Talking with Esopus Editor, Tod Lippy, Part One

February 24th, 2010

Image courtesy of Esopus magazine.

Back in 2004, I was lucky enough to be introduced to Esopus magazine at a silent auction being held during a Mass MoCA fundraiser. Don’t ask me how, but my wife and I were able to bid on (and somehow afford when we won) a package that included a signed copy by every single artist and author in the very first issue of Esopus. At the time, I wasn’t as familiar with Beth Campbell or Christopher Durang, but I immediately loved their contributions. I was intrigued by the Richard Tuttle piece and had no idea what to make of Alex Shear’s work. And these were just four of the contributors!

Since then, I have managed to devour every issue at a leisurely pace (Esopus is published twice a year), been introduced to many new artists, and reintroduced to artists and writers I thought I knew. I have found ways to utilize Esopus as a teaching resource in the classroom and have shared it with many colleagues who have been impressed with the way the magazine simultaneously feels like a periodical and a group exhibit you hold in your hands.
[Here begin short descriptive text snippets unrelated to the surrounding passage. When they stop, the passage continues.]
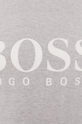 Boss t-shirt Női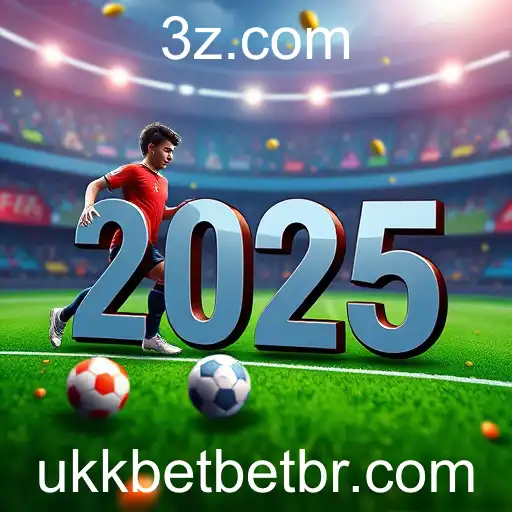 Explorando o Universo dos Jogos Online em 2025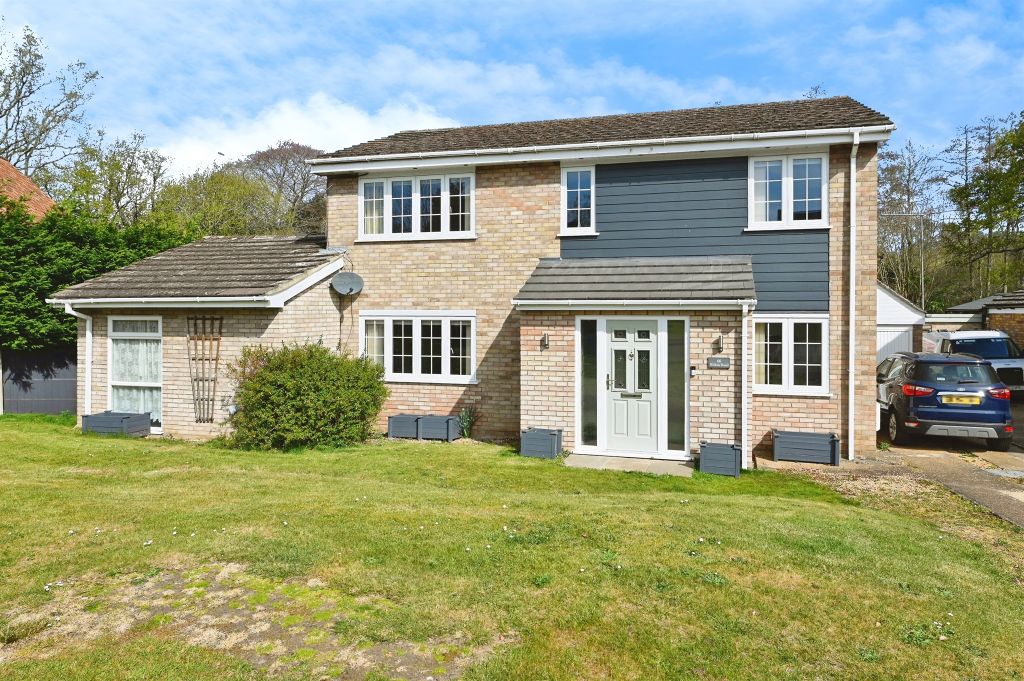 Property photo 1 of 17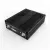 Репитер ML-R5- PRO-900-1800-2600 Репитер ML-R5- PRO-900-1800-2600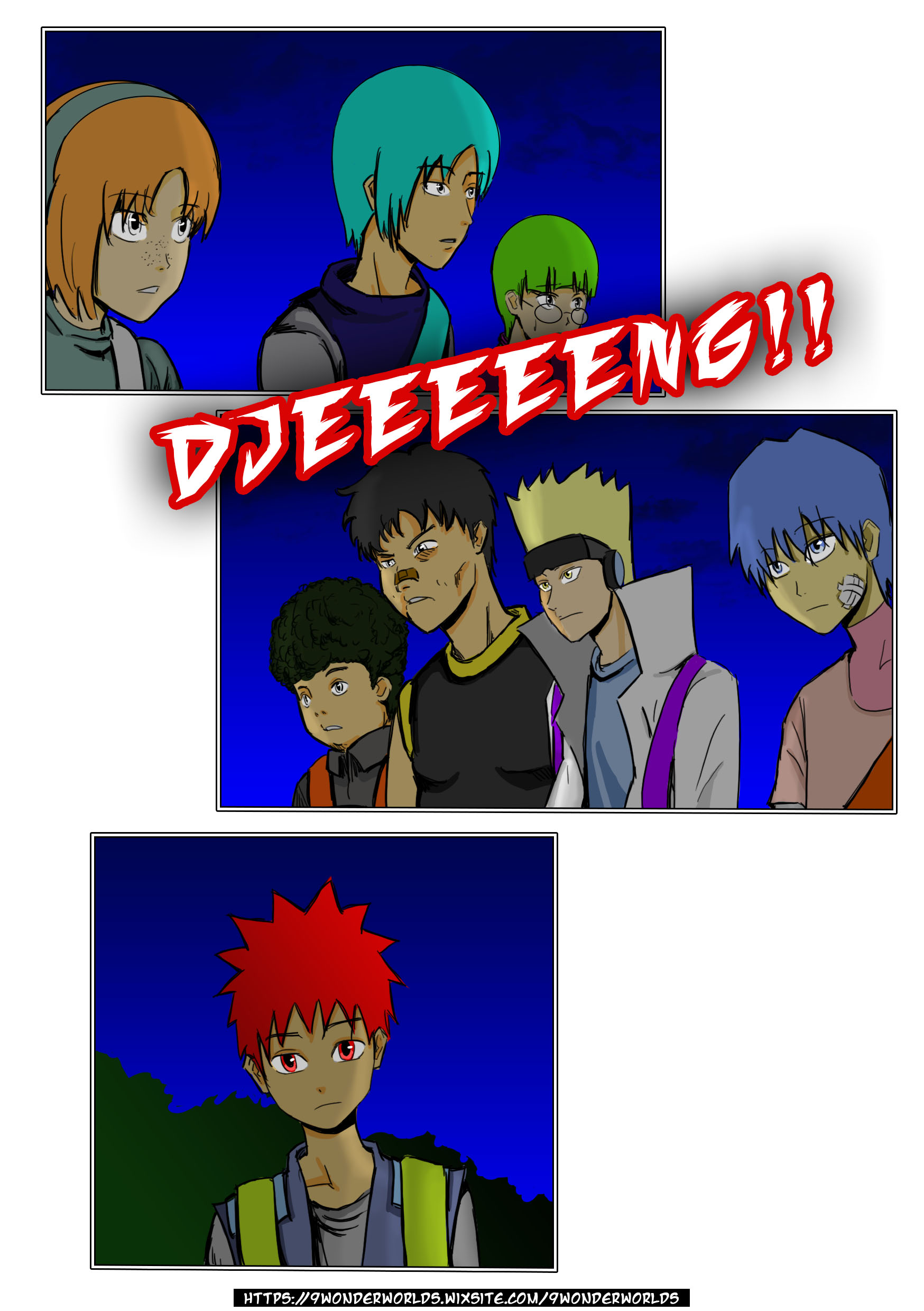 Page 2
This week, Teaching with Contemporary Art is pleased to present part one of an interview with Esopus editor, Tod Lippy, conducted via e-mail over the past month:

Joe Fusaro: What’s the story behind Esopus magazine? It’s certainly not a “regular” art magazine. As a matter of fact it’s more like a work of art that operates in a magazine-format and schedule. How did you get started?

Tod Lippy: I founded Esopus in 2003. I started it mainly because I had had a fair amount of experience in editing special-interest magazines and I wanted to take a different approach in order to create a magazine that would reach a wider audience. The idea was to come up with something that was very multidisciplinary in form and content. We have contributions from contemporary artists and filmmakers, writers, poets, musicians – a CD is included in every issue – and the idea was to avoid the kind of ghettoization that often comes with specialization in creative disciplines. If you go to a Barnes and Noble newsstand, you’ll find an Art section, and a Literature section, and a Film section, and a Design section—the idea was to somehow incorporate all of these in one magazine in order to attract a broader readership. There were several other ideas behind the founding of the magazine, but probably the most important one was that I didn’t want to include any advertising. I feel like I’m constantly fighting with advertisers when I’m going through my favorite magazines—particularly these days, when editorial and advertising are so hard to distinguish from one another—and it seemed like it was worth a shot to try to do a magazine that literally had nothing in it that was for sale.  So, in order to do that, I created a non-profit entity, the Esopus Foundation Ltd. We’re a 501(c)(3) and we depend on contributions from foundations and individuals to make up for the money we lose from not being able to count on advertising revenue which, as you probably know, is very important in the magazine publishing world.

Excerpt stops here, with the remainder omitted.